Ce producteur, c'est Bob Ezrin, connu pour avoir travaillé entre autres sur School's out d'Alice Cooper et The wall de Pink Floyd. Pas mal comme CV. Mais Ezrin reste trop influencé par son travail avec David Gilmour and Co et a eu tendance à vouloir appliquer la même recette avec Kiss. Quand on y réfléchit bien, Kiss faisant un album concept, c'est quelque peu contre-nature. Kiss, c'est du rock pas prise de tête. Si on lui demande d'avoir des considérations métaphysiques, on va droit dans le mur. Et c'est ce qui s'est passé, du moins en partie.

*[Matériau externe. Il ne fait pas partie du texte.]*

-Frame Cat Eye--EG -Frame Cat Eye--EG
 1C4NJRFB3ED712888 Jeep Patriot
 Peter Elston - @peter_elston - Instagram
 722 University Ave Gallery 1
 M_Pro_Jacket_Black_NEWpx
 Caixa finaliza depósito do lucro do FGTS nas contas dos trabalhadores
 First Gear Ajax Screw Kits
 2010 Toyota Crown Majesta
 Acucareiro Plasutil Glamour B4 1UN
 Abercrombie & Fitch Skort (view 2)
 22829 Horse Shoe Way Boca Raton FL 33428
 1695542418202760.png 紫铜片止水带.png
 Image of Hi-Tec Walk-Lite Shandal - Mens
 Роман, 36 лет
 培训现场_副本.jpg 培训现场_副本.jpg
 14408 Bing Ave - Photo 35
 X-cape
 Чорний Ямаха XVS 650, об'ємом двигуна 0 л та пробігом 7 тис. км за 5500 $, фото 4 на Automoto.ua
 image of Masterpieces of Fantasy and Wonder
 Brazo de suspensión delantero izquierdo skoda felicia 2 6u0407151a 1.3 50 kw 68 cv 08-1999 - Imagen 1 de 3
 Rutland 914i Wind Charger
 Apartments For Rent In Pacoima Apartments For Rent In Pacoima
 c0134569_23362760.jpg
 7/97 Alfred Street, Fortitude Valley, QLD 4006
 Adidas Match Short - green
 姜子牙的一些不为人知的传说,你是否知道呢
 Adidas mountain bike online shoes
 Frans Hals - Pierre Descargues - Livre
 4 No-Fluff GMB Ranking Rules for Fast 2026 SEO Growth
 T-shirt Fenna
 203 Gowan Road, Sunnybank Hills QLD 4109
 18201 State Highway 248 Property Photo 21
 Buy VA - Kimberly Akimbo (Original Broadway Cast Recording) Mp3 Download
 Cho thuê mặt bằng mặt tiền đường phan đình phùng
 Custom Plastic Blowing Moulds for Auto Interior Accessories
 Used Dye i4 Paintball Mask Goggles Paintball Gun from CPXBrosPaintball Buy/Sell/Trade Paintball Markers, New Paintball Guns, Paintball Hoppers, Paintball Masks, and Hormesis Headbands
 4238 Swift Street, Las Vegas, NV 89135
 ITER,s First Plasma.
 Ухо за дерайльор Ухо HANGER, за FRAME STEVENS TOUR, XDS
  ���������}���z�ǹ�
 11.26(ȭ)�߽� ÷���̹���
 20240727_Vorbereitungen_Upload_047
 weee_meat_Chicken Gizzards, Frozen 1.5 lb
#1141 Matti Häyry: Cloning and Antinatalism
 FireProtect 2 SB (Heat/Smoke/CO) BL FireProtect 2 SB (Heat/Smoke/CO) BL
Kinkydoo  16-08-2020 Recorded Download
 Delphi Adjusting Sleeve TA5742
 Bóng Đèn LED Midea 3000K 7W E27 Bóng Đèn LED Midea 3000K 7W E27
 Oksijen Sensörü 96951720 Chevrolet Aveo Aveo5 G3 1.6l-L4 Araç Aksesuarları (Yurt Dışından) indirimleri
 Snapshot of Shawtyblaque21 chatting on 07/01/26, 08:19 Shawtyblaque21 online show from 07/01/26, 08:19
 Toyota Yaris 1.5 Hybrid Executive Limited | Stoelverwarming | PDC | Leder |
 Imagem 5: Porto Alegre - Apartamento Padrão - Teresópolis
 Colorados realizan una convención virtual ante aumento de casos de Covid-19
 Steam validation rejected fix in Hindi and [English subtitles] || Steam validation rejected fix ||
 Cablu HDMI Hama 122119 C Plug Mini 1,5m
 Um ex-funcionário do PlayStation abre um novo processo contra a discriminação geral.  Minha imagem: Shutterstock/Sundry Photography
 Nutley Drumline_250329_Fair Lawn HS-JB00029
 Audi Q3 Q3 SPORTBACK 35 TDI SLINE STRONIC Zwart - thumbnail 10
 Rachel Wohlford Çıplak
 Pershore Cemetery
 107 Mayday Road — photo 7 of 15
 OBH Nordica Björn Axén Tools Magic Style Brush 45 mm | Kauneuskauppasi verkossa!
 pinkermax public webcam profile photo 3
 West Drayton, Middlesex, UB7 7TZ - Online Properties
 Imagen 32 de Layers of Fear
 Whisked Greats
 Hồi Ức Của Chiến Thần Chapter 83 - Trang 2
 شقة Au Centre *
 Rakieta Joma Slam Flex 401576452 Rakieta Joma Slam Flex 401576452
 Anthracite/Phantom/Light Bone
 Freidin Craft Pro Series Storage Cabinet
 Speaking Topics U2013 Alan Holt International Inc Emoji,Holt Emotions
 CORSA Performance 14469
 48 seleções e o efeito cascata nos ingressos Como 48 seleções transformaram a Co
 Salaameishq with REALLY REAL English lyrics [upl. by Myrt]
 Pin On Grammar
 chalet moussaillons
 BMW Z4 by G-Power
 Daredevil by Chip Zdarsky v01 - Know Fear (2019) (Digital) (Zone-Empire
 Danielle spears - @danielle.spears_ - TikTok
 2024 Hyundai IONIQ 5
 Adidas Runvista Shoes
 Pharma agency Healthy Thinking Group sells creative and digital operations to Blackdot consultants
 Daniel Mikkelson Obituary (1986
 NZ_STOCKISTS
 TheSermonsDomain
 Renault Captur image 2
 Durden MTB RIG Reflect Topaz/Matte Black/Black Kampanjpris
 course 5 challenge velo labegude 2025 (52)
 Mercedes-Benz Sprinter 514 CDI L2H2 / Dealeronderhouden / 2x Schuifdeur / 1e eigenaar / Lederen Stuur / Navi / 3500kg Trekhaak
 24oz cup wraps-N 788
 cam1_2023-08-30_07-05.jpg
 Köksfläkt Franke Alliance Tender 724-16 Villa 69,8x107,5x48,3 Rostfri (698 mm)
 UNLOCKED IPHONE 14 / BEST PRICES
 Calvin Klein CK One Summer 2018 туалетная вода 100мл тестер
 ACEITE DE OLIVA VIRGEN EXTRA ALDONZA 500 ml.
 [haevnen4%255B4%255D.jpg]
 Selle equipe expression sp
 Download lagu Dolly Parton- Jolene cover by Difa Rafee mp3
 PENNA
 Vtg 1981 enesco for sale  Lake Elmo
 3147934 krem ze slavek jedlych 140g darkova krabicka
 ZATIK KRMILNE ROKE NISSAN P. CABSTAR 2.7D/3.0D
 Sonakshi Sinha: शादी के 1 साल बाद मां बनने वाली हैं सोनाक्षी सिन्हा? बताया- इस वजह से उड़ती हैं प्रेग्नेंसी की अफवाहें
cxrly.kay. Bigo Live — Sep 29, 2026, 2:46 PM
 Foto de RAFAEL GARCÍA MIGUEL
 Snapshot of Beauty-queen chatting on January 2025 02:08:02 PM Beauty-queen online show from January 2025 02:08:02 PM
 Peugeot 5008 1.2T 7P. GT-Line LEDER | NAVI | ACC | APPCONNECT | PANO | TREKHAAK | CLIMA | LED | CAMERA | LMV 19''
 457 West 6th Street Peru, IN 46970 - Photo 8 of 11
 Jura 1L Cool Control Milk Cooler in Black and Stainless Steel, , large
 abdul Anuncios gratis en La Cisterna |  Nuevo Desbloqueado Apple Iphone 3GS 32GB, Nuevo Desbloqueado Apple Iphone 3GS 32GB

Le concept de cet album, paru en 1981, le voici: un gamin doit combattre des forces maléfiques au cours d'une longue aventure et il est aidé pour cela par les Eldars. Légèrement tirée par les cheveux, cette histoire...
Tout ou presque sent le concept album et la patte de Bob Ezrin sur cette galette. La production est nettement différente des albums précédent, un peu comme si Kiss rencontrait Pink Floyd...
Heureusement, quelques titres sortent du lot: le titre d'ouverture, The oath, n'est pas mal du tout, Dark Light (seul titre chanté par Frehley) et Only you sont du Kiss typique, franc du collier. J'adore notamment le solo de gratte de Frehley sur Dark light. Certainement un de ses meilleurs.
D'autres morceaux sont sympas, sans plus, comme Mr Blackwell, plutôt convenu, de même que l'instrumental Escape from the island ou la premier partie du morceau final I.
Là où j'ai le plus de mal, c'est avec les titres plus calmes. Just a boy, Under the rose, A world without heroes et Odyssey ne sont pas des titres de Kiss pour moi. J'ai l'impression que ce sont des chutes de studio de Pink Floyd, réarrangées par Kiss, Ezrin et par le songwriter de luxe Lou Reed (oui, le type à l'origine du fameux Walk on the wild side) et interprétées par Kiss. Attention, je ne dis pas que c'est mauvais, loin s'en faut, mais pour moi c'est très loin du Kiss habituel. Original, oui, brillant, non. Kiss semble se forcer et le terme qui revient, c'est contre-nature...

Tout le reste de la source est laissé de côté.